Commissioned by Lauritzen with considerable input from the Australian Antarctic Division, Nella Dan was named in honour of Nel Law, wife of the AAD Director of the time, Phillip Law.

Built by the Aarlborg Shipyard Pty Ltd in 1961, she incorporated all the features of her older sisters, Thala Dan, Kista Dan and Magga Dan. An ice breaker stern, ice fins and ice knife were becoming regular features, but a novel addition was the double hull in the engine room and part of the holds. The ascent to the crow's nest was through the interior of the mast, and the ship supplied its own fresh water with an Atlas generator. At the time of her construction, Nella Dan was regarded as setting the standard for polar vessels.

Nella Dan sailed to the Antarctic every year she was chartered by ANARE, from 1962 to 1987. Her service record remains unchallenged as the longest continuously serving of any Antarctic ship.

=== Besetment (locked in the ice) in 1985 ===
Nella Dan enjoyed the dubious distinction of plunging her passengers into an unexpected seven-week stationary sojourn in the ice in 1985, the longest besetment (being surrounded by ice without helm control) ever experienced by any ANARE ship. She was eventually released from besetment by digging the ice away from the hull. At that time, the Japanese icebreaker Shirase rushed to assist the trapped vessel. Nella Dan finally followed the trail of Shirase and got away from the iced-over ocean.

=== Final Voyage ===
On her last fateful voyage on the evening of 3 December 1987, during resupply operations at Macquarie Island, bad weather blew up. Nella Dan dragged her anchor and was driven aground just metres off the island, while transferring fuel from the ship to the sub-Antarctic station. Other cargo unloading had ceased because of strong winds and high seas. A definitive cause of the accident was never determined, it was reported that Nella Dan dragged her anchor in very heavy seas while at the normal anchorage point in Buckles Bay. The vessel was rapidly washed onto rocks close to the research station it was supplying. Damage to the vessel was immediate and serious, the ship's hull was holed in two places and water flooded the engine room. Most of the expedition staff were ashore at the time of the accident, but 17 expedition staff were aboard together with the crew. There were no casualties or injuries to the crew or expedition personnel.

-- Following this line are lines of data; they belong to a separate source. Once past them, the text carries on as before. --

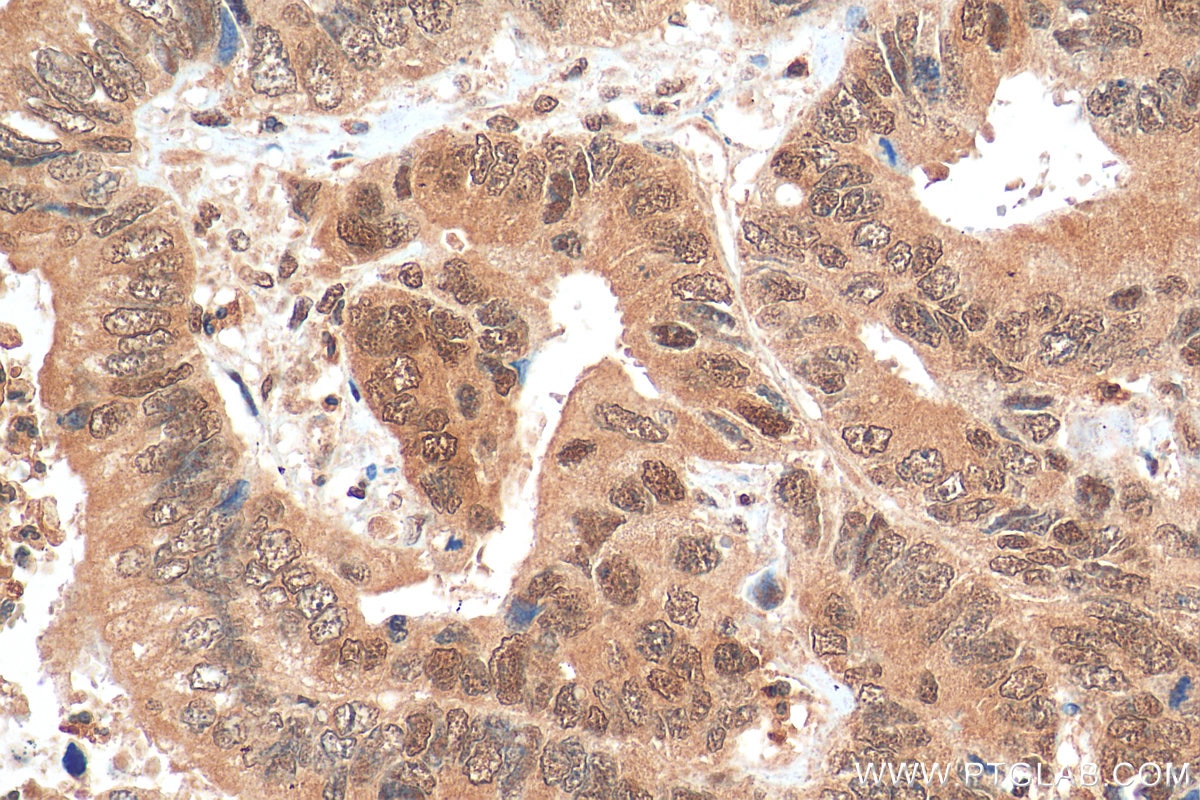 Immunohistochemistry (IHC) staining of human colon cancer tissue using DNAJB6 Polyclonal antibody (11707-1-AP)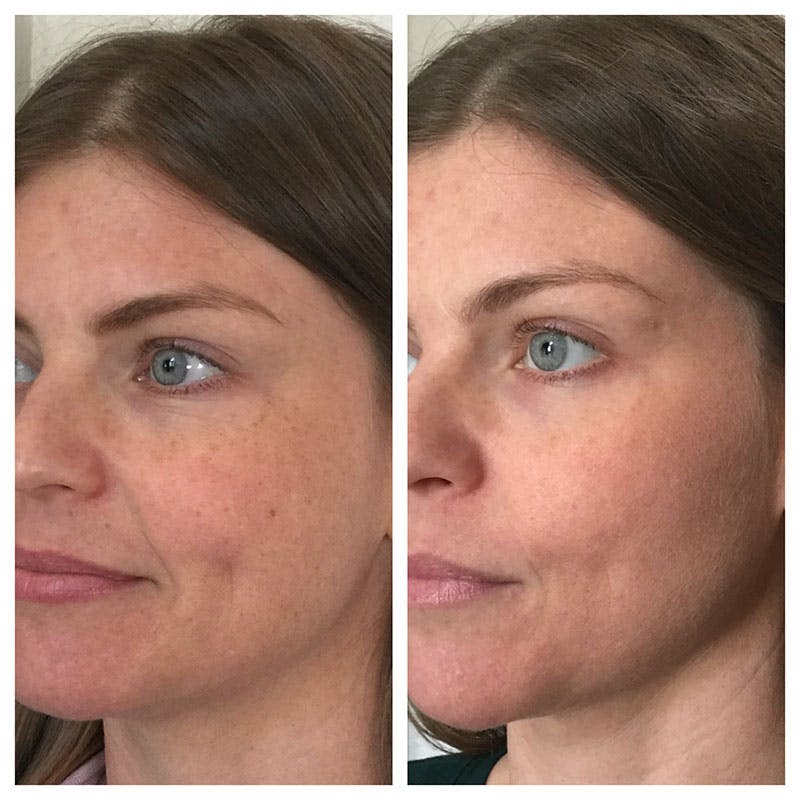 IPL Before & After Gallery - Patient 27018969 - Image 1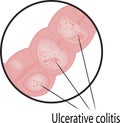 Ulcerative colitis intestine disease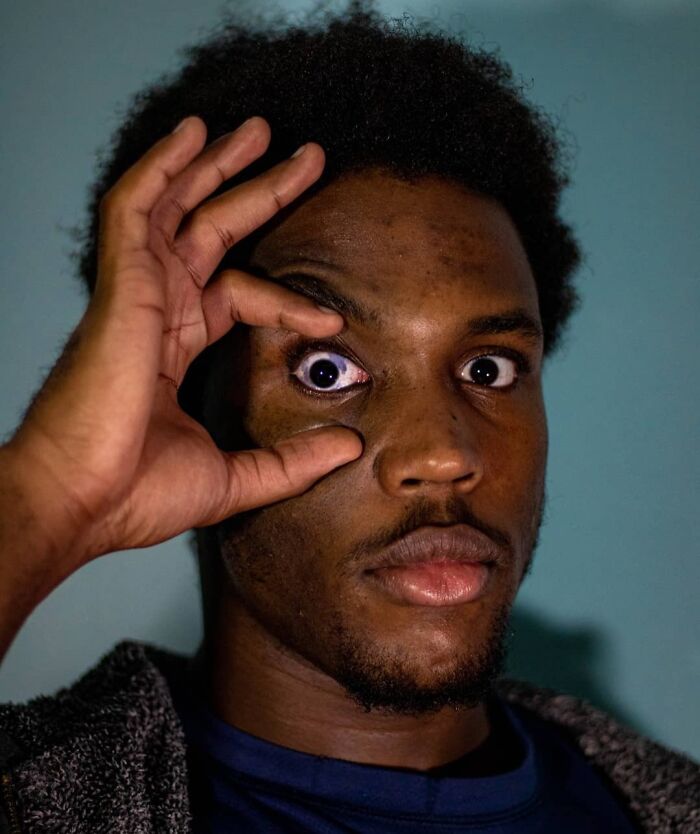 Close-up of a man showing an interesting birth mark on his face with a focused expression against a plain background.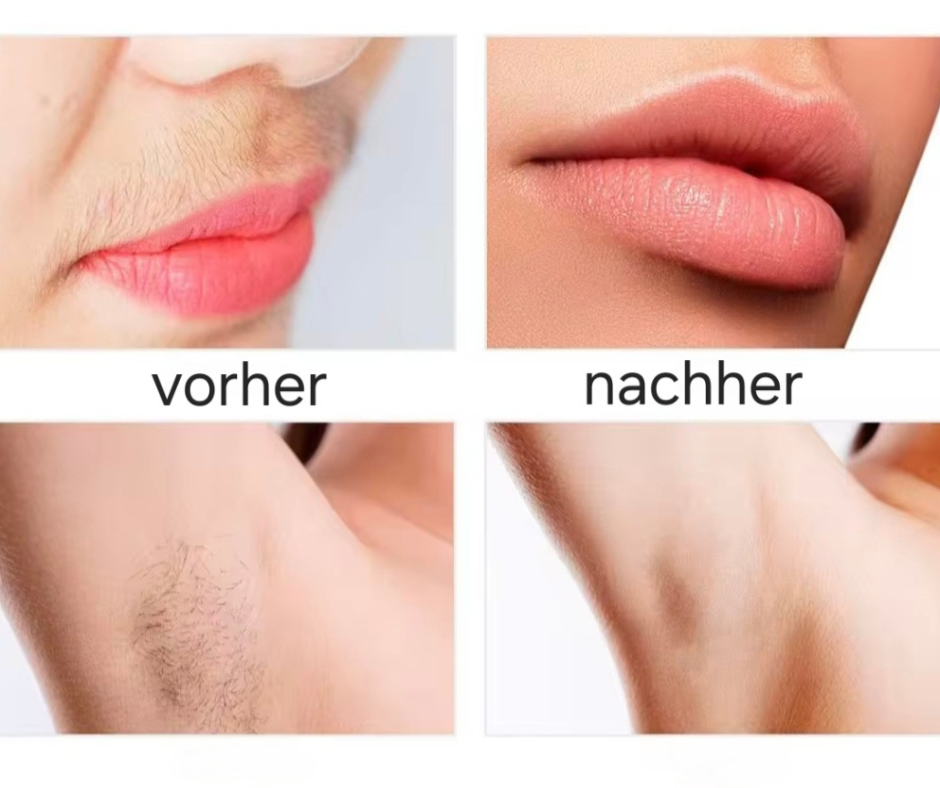 Elektrischer Epilierer Gesichts-Augenbrauentrimmer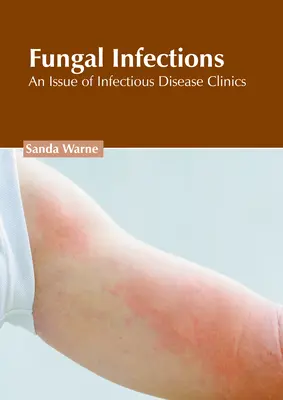 Pilzinfektionen: Eine Ausgabe von Infectious Disease Clinics - Fungal Infections: An Issue of Infectious Disease Clinics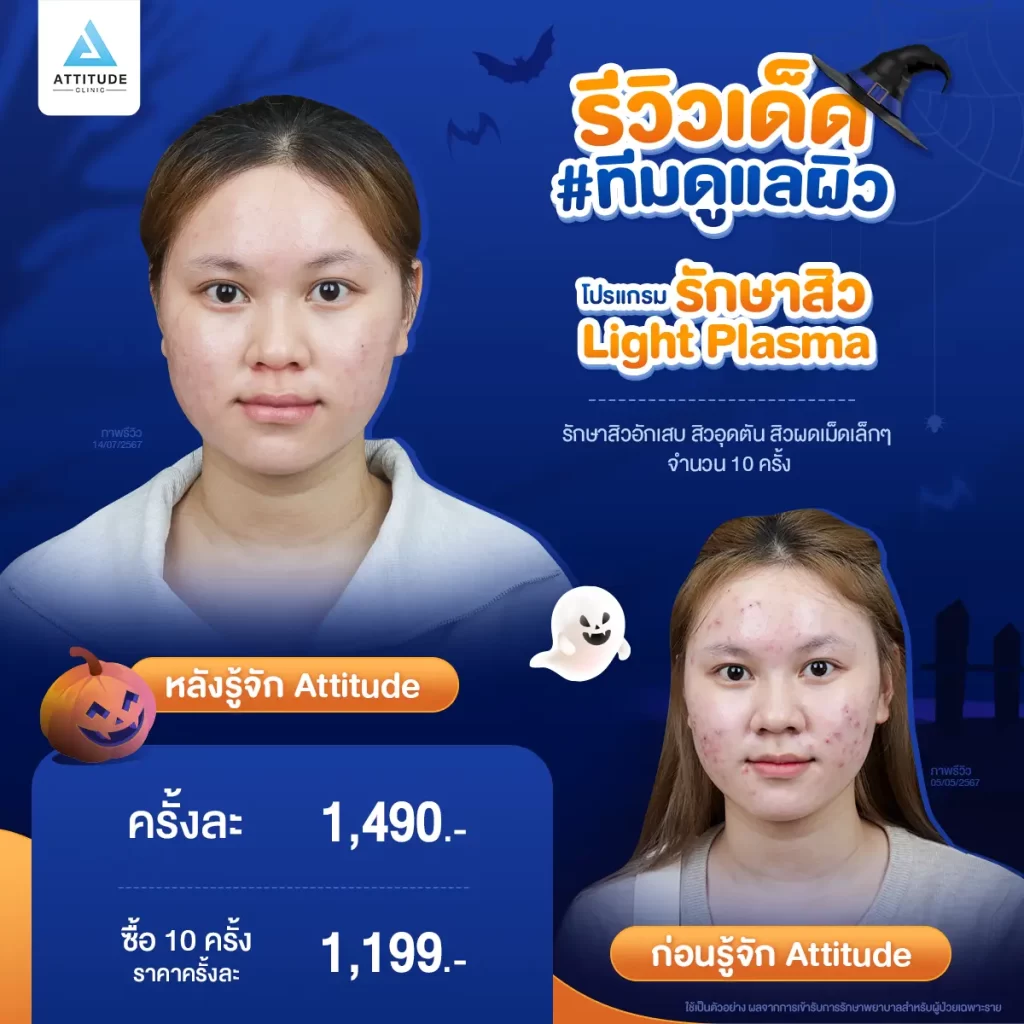 ห้ามพลาด! ถ้าอยากเฉิดฉายในปาร์ตี้ Halloween แอททิจูดมัดรวมรีวิวเด็ด #ทีมดูแลผิว พร้อมปาร์ตี้ทั้งคืนก็ไม่หวั่น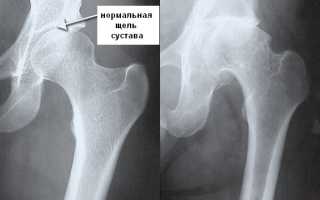 Комплексные   диагностические  методы выявления  коксартроза  у  детей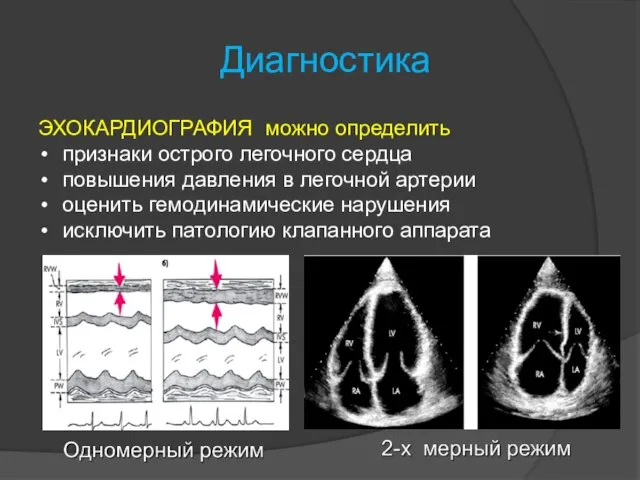 Диагностика ЭХОКАРДИОГРАФИЯ можно определить признаки острого легочного сердца повышения давления в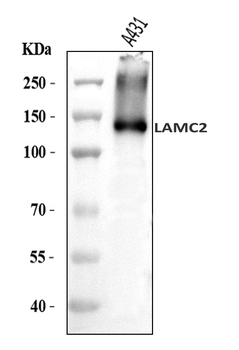LAMC2 Rabbit Polyclonal Antibody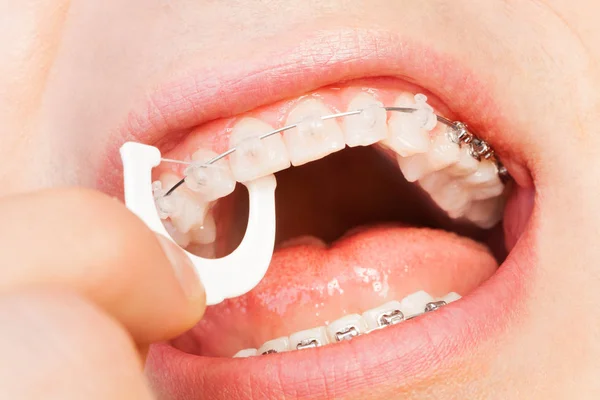 Hombre con frenos dentales dientes de hilo dental — Foto de Stock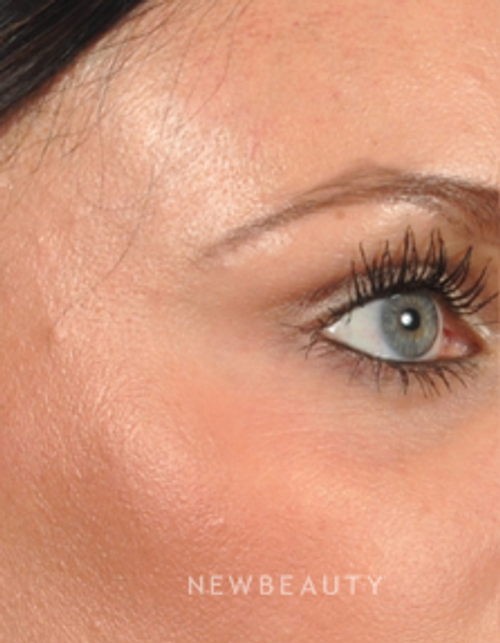 Dr. Bradley Bengtson - Periorbital Vessel Treatment - After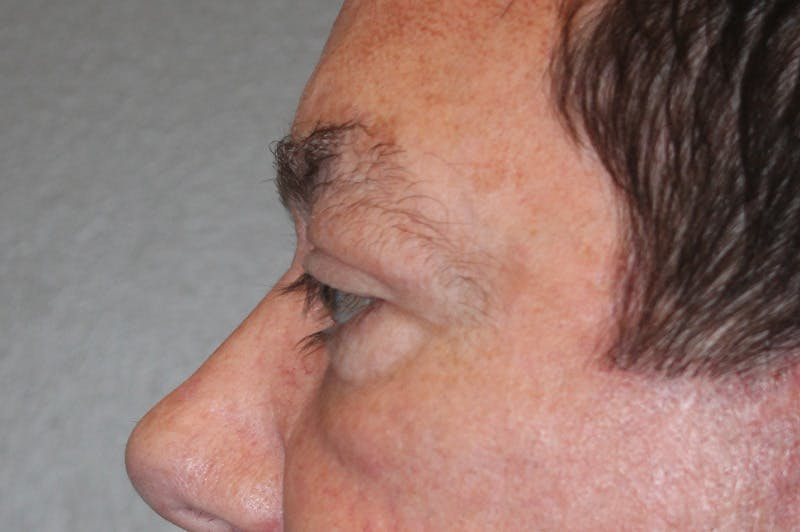 Eyelid surgery Before & After Gallery - Patient 174973056 - Image 10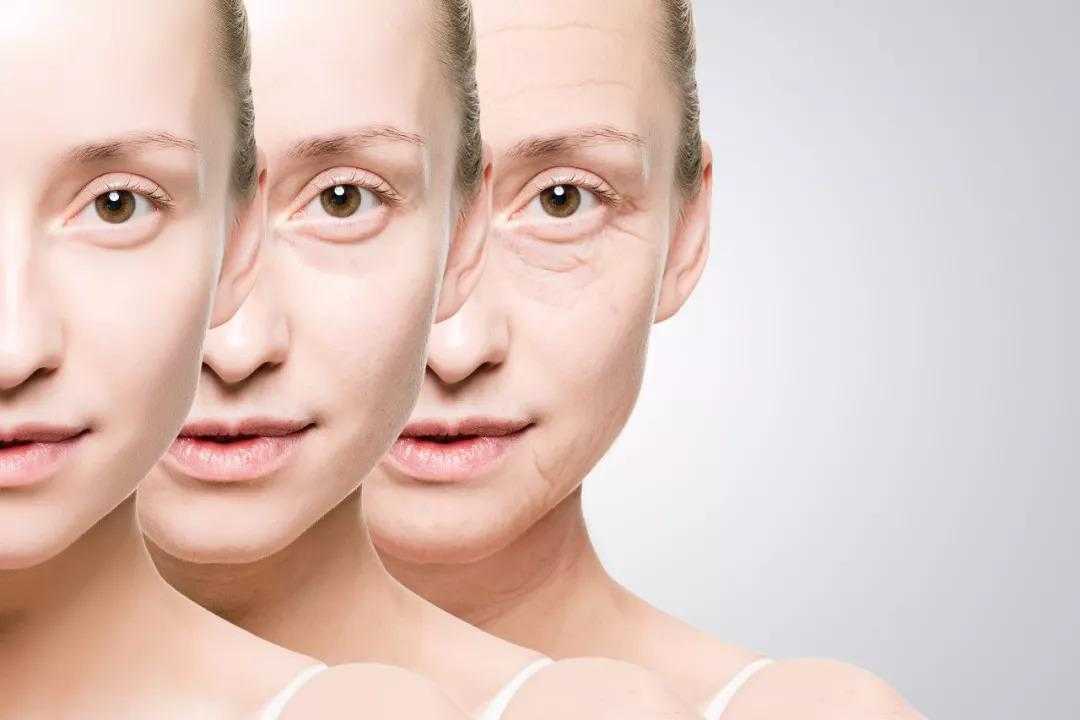 脸部松弛下垂如何改善?脸部为何会松弛 脸部松弛下垂如何改善?脸部为何会松弛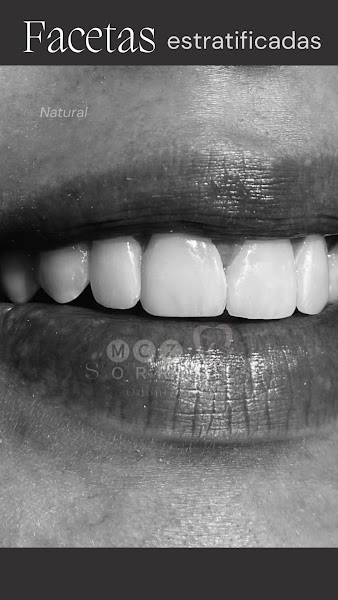 Foto 3 de MCZ Sorrisos (Cidade Universitária)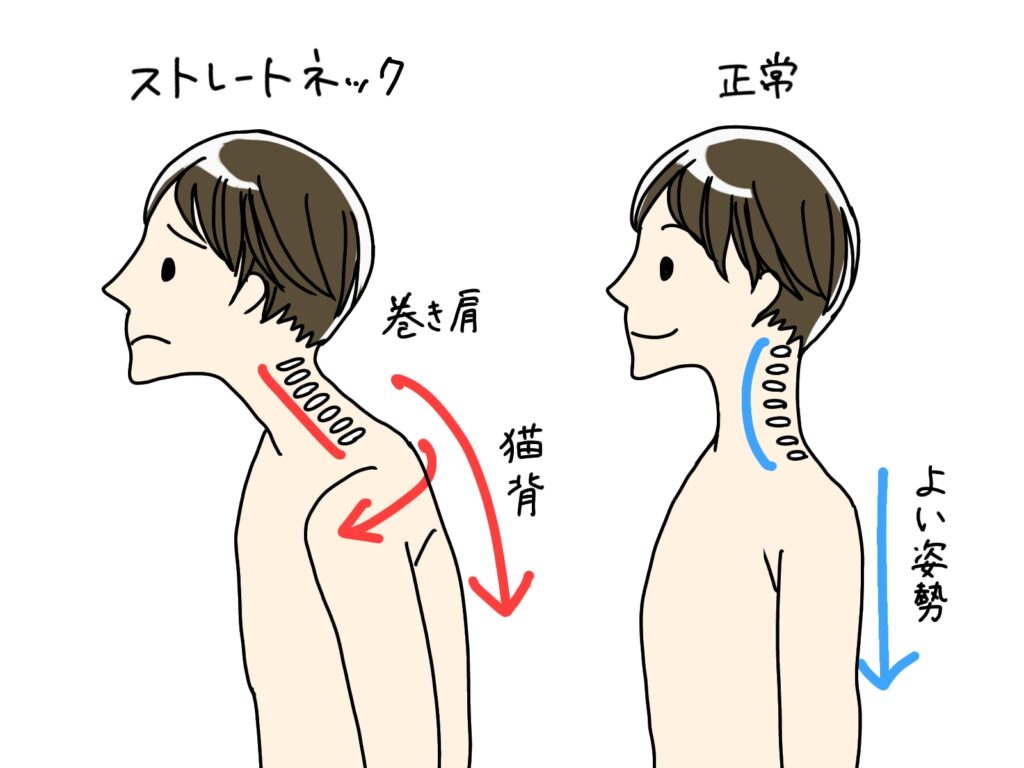 整体効果・ストレートネック改善を叶える"すごい整体枕" (#1.キュアレ)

Several members of the 35 Water Transport Squadron attached to ANARE sailed three LARC (Light Amphibious Resupply Craft) to evacuate the Antarctic expeditioners and ship's crew still on board. For these actions, soldiers Philip Wharton Clark, Kenneth Stanley Barrington, Dudley Raymond Crowe, Timothy Gay, Gregory Dale Kenny, and Alistair Andrew Scott were awarded a Group Bravery Citation by the Australian Governor-General Quentin Bryce on 17 August 2009.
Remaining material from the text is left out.